Theoretisch eine schöne Idee – praktisch ist sie oft unvereinbar mit Flächenausweisungen und -tabus, etwa bei Schutzgebieten.

Da sind wir wieder beim Problem der monofunktionalen Landschaften. Davon müssen wir wirklich weg. Und wir müssen die heute übliche faktische Zweistufigkeit abschaffen, in der erst die großräumige Funktionsplanung kommt und dann die lokale Gestaltung. Die Gestaltung muss in dem großen Maßstab, den Energieanlagen nun einmal haben, von Anfang an mitgedacht werden. Auch da sind Landschaftsarchitekten viel eher und stärker gefragt als bisher.

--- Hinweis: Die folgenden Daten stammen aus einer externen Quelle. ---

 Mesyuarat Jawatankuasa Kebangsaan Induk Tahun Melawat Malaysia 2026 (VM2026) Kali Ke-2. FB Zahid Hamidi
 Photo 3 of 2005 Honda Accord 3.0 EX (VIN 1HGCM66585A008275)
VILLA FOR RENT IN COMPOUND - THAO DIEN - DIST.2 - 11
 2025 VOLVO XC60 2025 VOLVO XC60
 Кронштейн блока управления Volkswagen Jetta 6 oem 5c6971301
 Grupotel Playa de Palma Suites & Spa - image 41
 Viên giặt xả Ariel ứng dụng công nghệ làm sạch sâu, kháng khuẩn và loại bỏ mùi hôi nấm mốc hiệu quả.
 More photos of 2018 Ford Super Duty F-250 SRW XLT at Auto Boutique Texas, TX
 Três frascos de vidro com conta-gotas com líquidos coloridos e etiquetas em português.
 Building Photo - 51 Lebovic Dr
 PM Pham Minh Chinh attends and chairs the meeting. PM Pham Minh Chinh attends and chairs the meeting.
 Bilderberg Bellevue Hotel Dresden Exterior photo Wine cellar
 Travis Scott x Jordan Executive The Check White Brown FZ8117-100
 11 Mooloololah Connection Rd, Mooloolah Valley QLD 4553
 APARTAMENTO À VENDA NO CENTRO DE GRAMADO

Aber bedeutet das nicht: Windräder fast überall, außer um die Wieskirche?

So wichtig wie das „Wo“ ist das „Wie“. Das Projekt im Pfaffenwinkel, das ich begleite, wird von einer lokalen Bürgergenossenschaft und allen benachbarten Gemeinden betrieben. Sie wollen eine Weiterentwicklung der räumlichen Strukturen durch die Windfarm – weil man der Landschaft künftig ablesen soll, dass sie kein Partikularinteresse bedient, sondern ein Gemeinschaftsprojekt ist, auch im Hinblick auf den Umgang mit dem Landschaftsbild. Die künftigen Energielandschaften können so eine Ästhetik des Guten, der zivilisatorisch gelungenen Energieproduktion abbilden.

Foto: Simone Schuldis
Foto: Simone Schuldis

Haben Sie auch Ideen für Solarfelder, Maisfelder und Leitungen?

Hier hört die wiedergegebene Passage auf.